2. Atomic-Level Structure and Interface Design: Precise control over crystal structure, defect chemistry (e.g., reducing vacancies in PBAs), and surface states through advanced synthesis and doping is essential. Understanding and tailoring the electrode-electrolyte interphase (EEI) in aqueous media, which differs fundamentally from the solid-electrolyte interphase (SEI) in organic systems, is a key challenge. Designing stable artificial interphases or surface coatings that are impervious to water yet ion-conductive could unlock new material possibilities.

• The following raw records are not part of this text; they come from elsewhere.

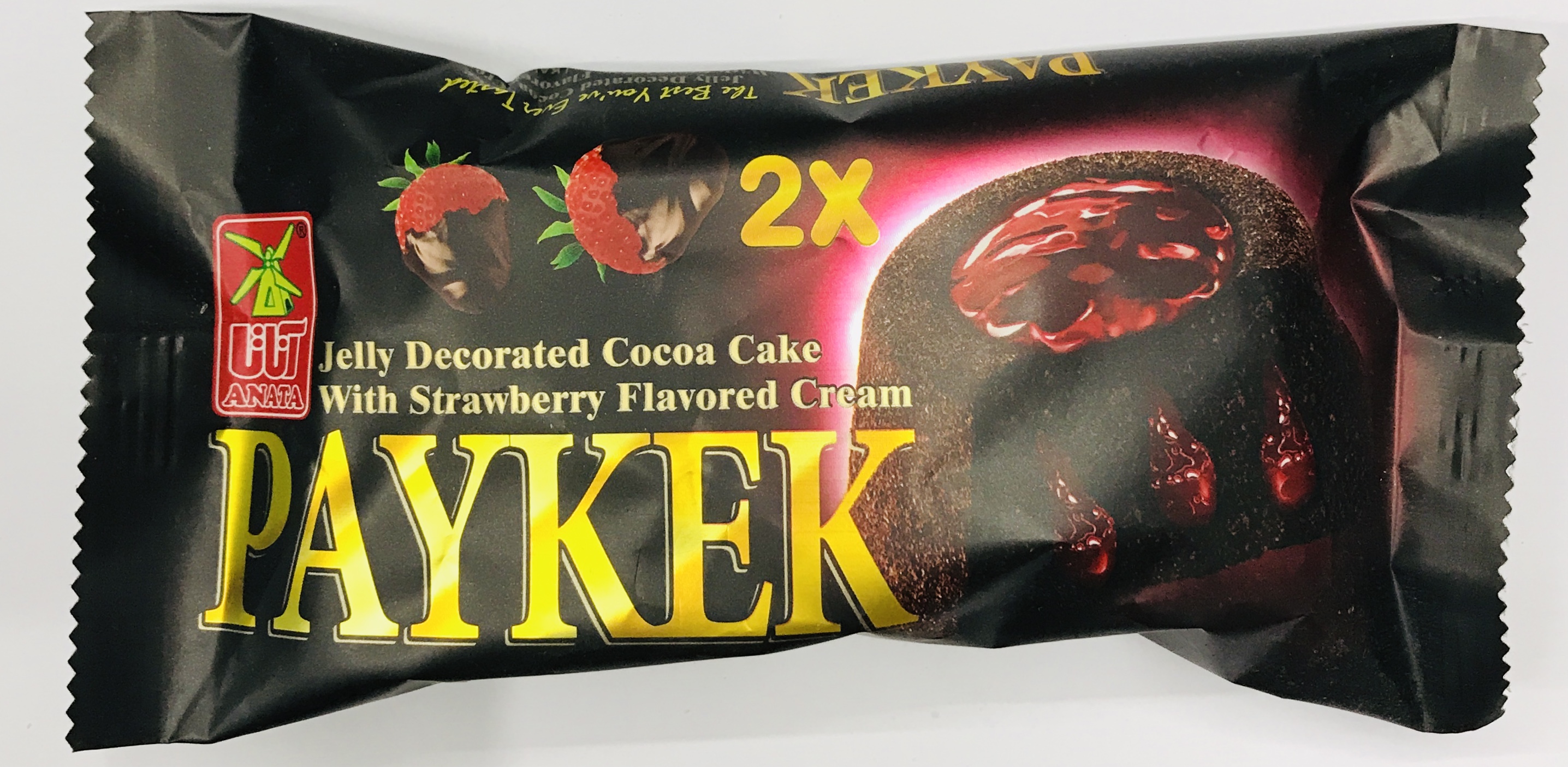 پای کیک کاکائویی بامغزورویه توت فرنگی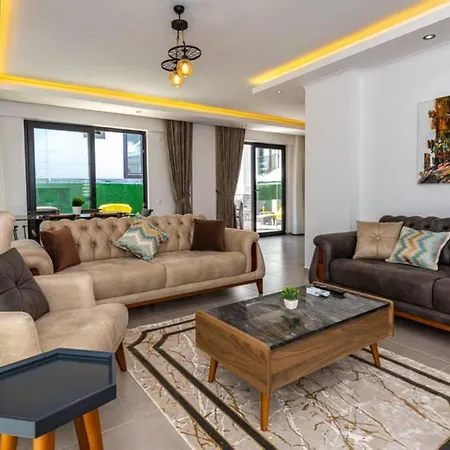 Violet - 4 Bedroom Holiday Villa in Ölüdeniz Fethiye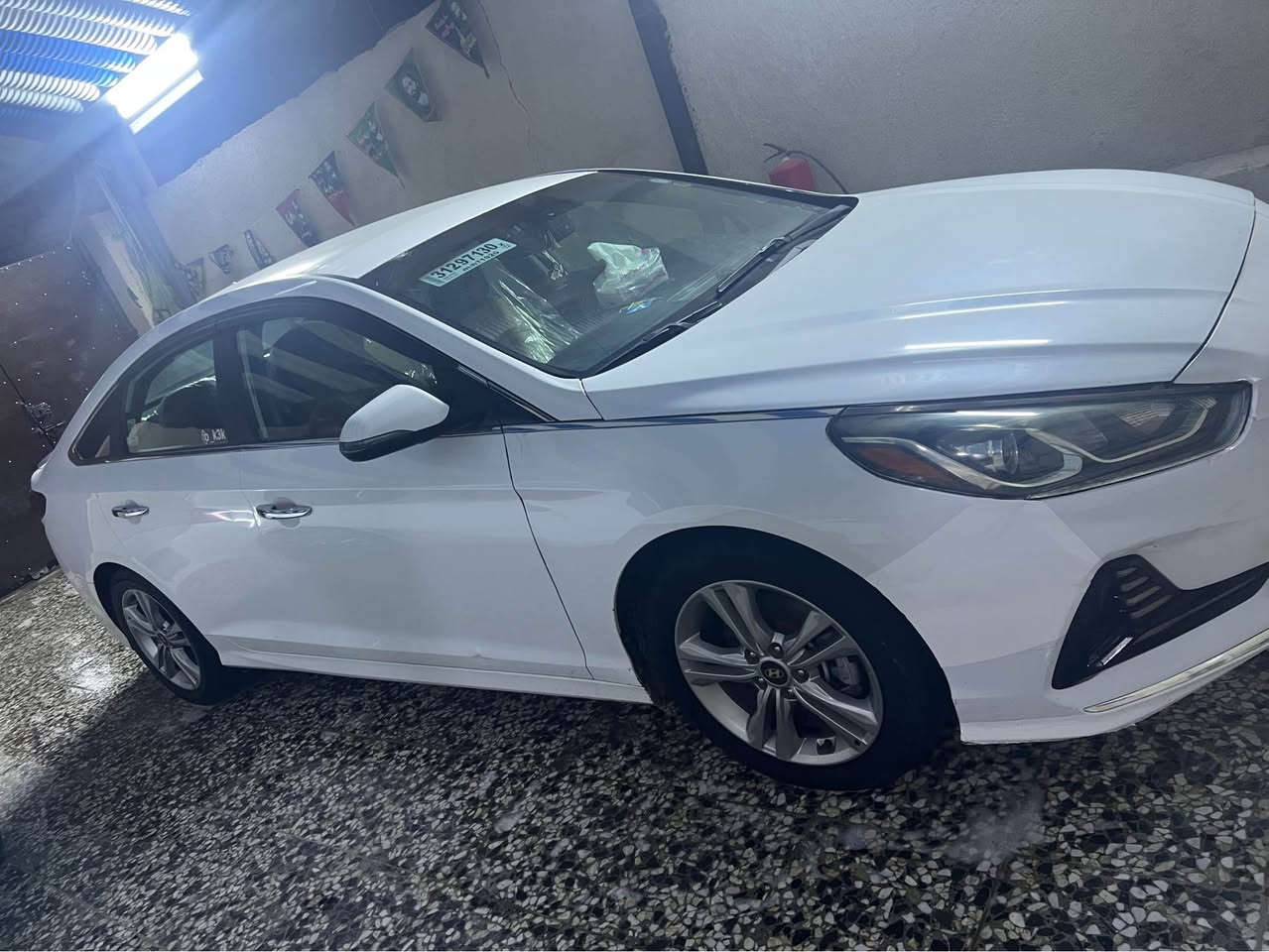 هونداي سوناتا ٢٠١٨  رقم بصره فول مواصفات عدا البنورامه مكينه 2400 وارد أمريكي ضربته جاملغ وبنيد بدون دواخل السعر ١٣٥ بيه مجال شوي مكان السياره البصره الجزيره هاتف ‭٠٧٧٥ ٨٧٠ ٩٦٧٩‬ البصرة, العراق
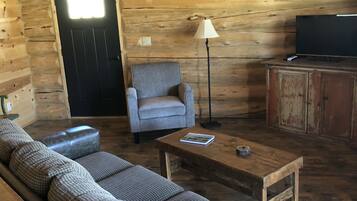 Superior Cabin, 2 Bedrooms, Mountain View | Living area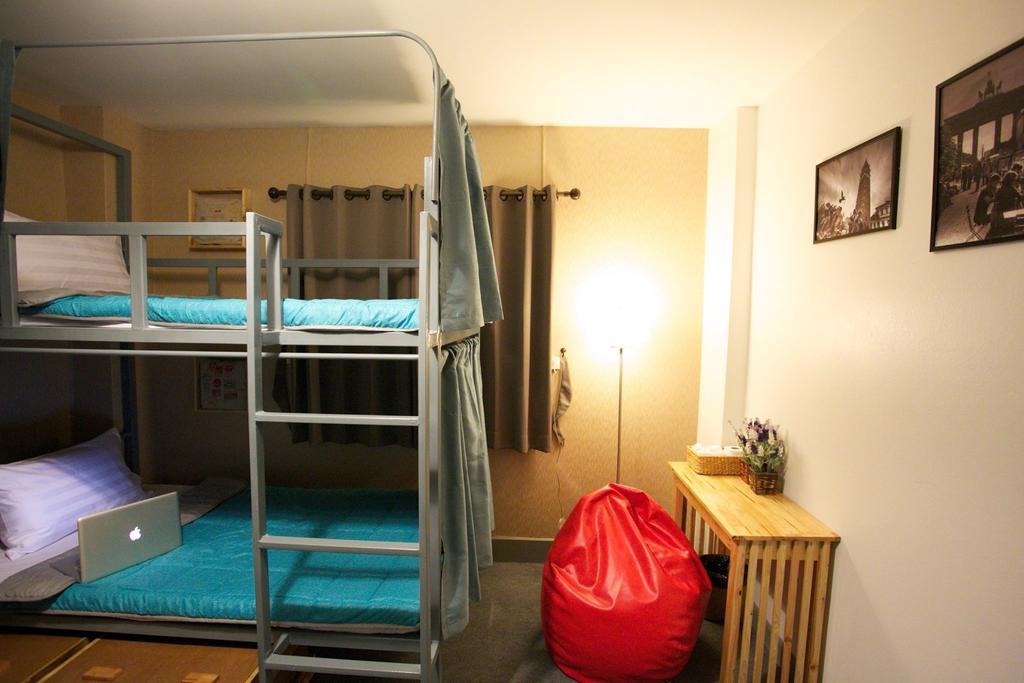 Hostel Nap Box *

3. Advanced Characterization and Computational Guidance: In-situ and operando techniques (XRD, XAS, NMR, etc.) are vital for elucidating real-time structural evolution, ion transport mechanisms, and degradation pathways in aqueous environments. Coupled with high-throughput computational screening and machine learning, these tools can accelerate the discovery and rational design of next-generation cathode materials with optimal stability, capacity, and voltage for aqueous sodium-ion batteries.
4. Full Cell Integration and Practical Assessment: Research must progress beyond half-cell studies to the development of practical full cells with well-matched anodes (e.g., NaTi2(PO4)3, activated carbon, or organic compounds). Evaluating long-term cycle life, rate capability under realistic conditions, and scaling up synthesis processes are necessary steps toward commercialization.
In conclusion, while significant progress has been made, the field of aqueous sodium-ion batteries continues to offer rich opportunities for innovation in cathode material science. Through continued interdisciplinary efforts in materials chemistry, electrochemistry, and engineering, aqueous sodium-ion batteries have the potential to become a cornerstone technology for grid-scale energy storage and other applications where safety, cost, and sustainability are paramount.